- Your assignment -
Write out the whole listing below exactly, skipping each picture.

- Data for this task -

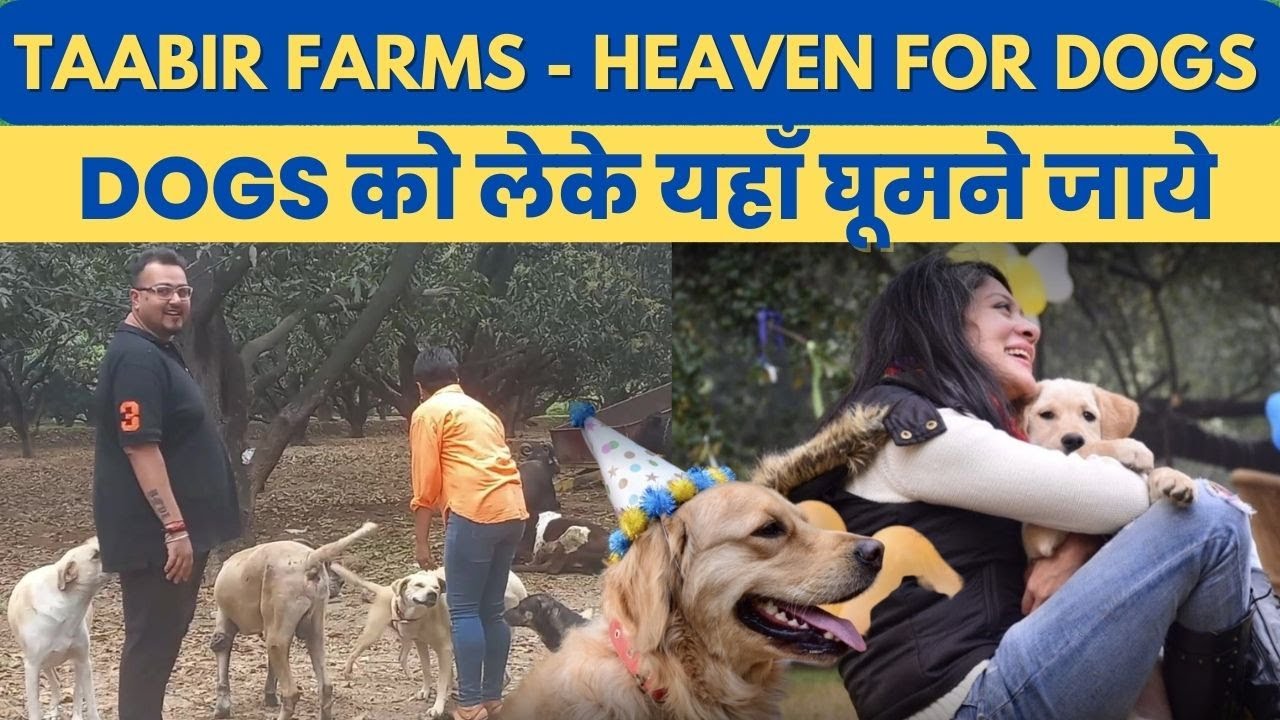 taabir-farms-for-dogs-in-greater-noida-dog-farms-in-delhi-ncr-dog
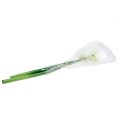 Floristik24 Amaryllis bloem wit L 73cm 2st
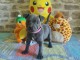 chiots staffie à adopter 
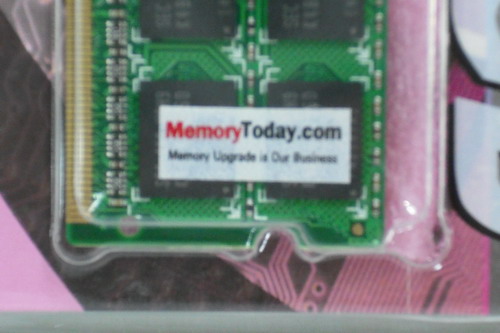 DSCF8811.JPG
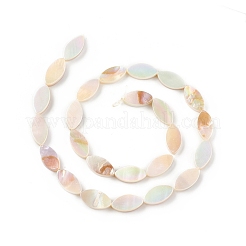 Natural Freshwater Shell Beads Strands&nbsp;SHEL-T009-22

- Response area -
 taabir-farms-for-dogs-in-greater-noida-dog-farms-in-delhi-ncr-dog
 Floristik24 Amaryllis bloem wit L 73cm 2st
 chiots staffie à adopter 
 DSCF8811.JPG
 Natural Freshwater Shell Beads Strands&nbsp;SHEL-T009-22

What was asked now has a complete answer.